Published 15 June 2011

Once upon a time there was a book about an ogre. The book wanted to be a hit film, but most of all it dreamed of being a success in the West End. One day, it had a chance to make that wish come true.

So, nervous about the evil critics and their poisonous pens, which had left the dreams of so many West End shows in tatters, the hopeful young Shrek took to the stage with a storybook opening of sadness – What’s more sad than a child being abandoned? Two children being abandoned – and charm.

Like all good fairytale heroes, it tried to please everyone. It stayed close enough to the film to enchant the movie-lovers, but added enough theatricality – a brilliantly rendered dragon, wonderfully silly dancing mice – to cheer the theatre-lovers. It had all manner of bodily emissions set to music to tickle the youthful audience members, and it had references to everything, from other hit musicals to questionable gentlemen’s clubs, to tease guffaws from the elders.

But while Shrek tried his best to make his wish come true, the critics scribbled and the critics scrabbled.

Shrek knew that to succeed in making his dream come true he would need to wish upon a star… in fact he wished on four of them. He wished on leading man Nigel Lindsay, who is gruff as the angry ogre but best when finding the sweet soft spot at the green monster’s heart. He wished on Amanda Holden as a feisty princess torn between fairytales and feminism. He wished on Richard Blackwood’s fast-talking donkey and on the shiniest star in Shrek’s sky, Nigel Harman, whose knee-destroying performance as the diminutive Lord Farquaad, he knew would have the audience rolling in the aisles like discarded ice-cream tubs.

But while Shrek tried his best to make his wish come true, the critics scribbled and the critics scrabbled.

Shrek knew that he couldn’t survive the evil critics and become a West End hit by himself; he needed the help of his friends, the wonderful Gingy and Pinocchio – both puppety in their own special way, both shrill and both brilliant fun – a seriously soulful dragon and the varied witty songs of David Lindsay-Abaire and Jeanine Tesori.
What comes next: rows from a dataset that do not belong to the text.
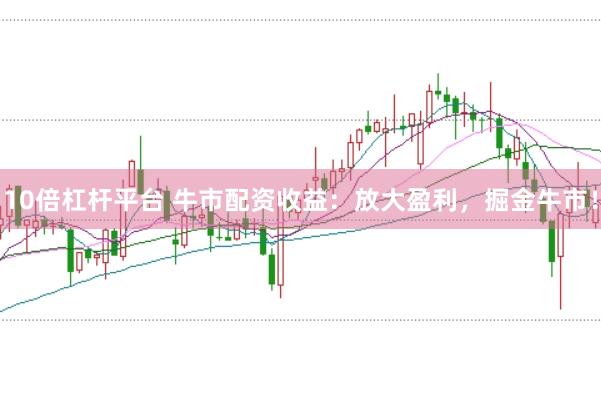 10倍杠杆平台 牛市配资收益：放大盈利，掘金牛市！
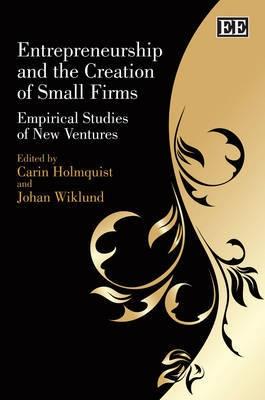 Entrepreneurship And The Creation Of Small Firms "Empirical Studies Of New Ventures"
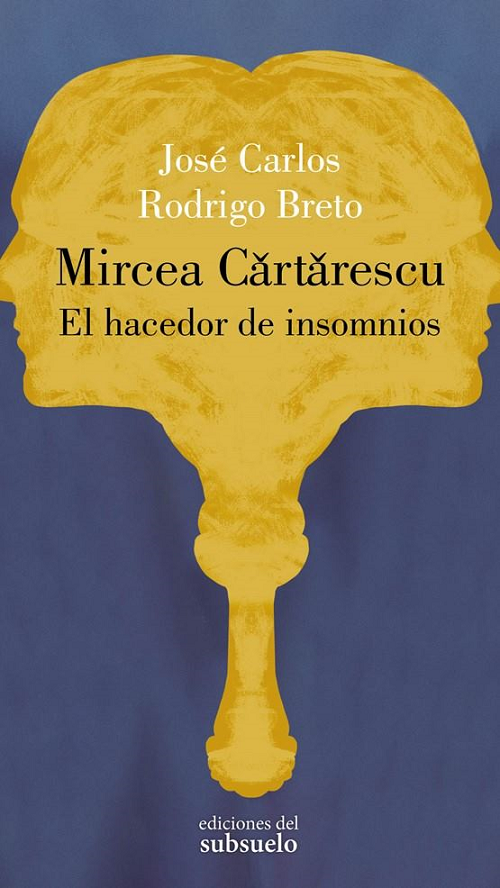 El ensayo «Mircea Cărtărescu. El hacedor de insomnios» publicado en España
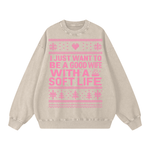 "GOOD WIFE-SOFT LIFE" SWEATSHIRT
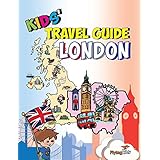 Kids' Travel Guide - London: The fun way to discover London-especially for kids (Kids' Travel Guide series)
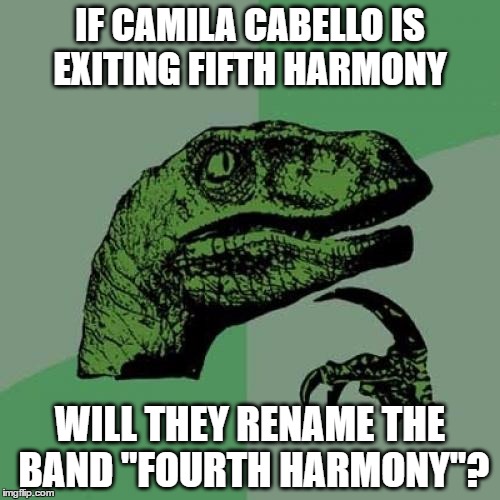 maybe too soon? | IF CAMILA CABELLO IS EXITING FIFTH HARMONY; WILL THEY RENAME THE BAND "FOURTH HARMONY"? | image tagged in memes,philosoraptor,fifth harmony | made w/ Imgflip meme maker
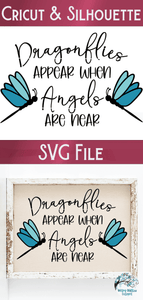 Dragonflies Appear When Angels Are Near SVG Wispy Willow Designs Company
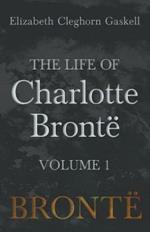 The Life of Charlotte Bronte - Volume 1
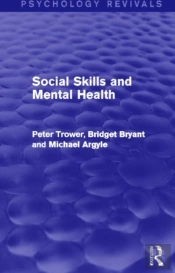 Social Skills And Mental Health (Psychology Revivals)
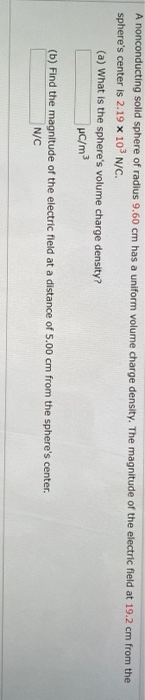 A nonconducting solid sphere of radius 9.60 cm has a uniform volume charge density. The magnitude of the electric fleld at 19.2 cm from the
sphere's center is 2.19 x 10 N/c.
(a) What is the sphere's volume charge density?
(b) Find the magnitude of the electric fleld at a distance of 5.00 cm from the sphere's center.
N/C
Even with all this help Shrek was still fearful. As he looked into the audience he could see the critics scribbling and scrabbling. But he saw something else. He saw the hundreds of little Shrek fans wearing green ears, waving gingerbread men and cuddling donkeys, and he realised that no matter how much the critics scribbled and scrabbled, whether they praised the show or not, he would still be loved by the kids who didn’t care about the critics. He knew he would live happily ever after.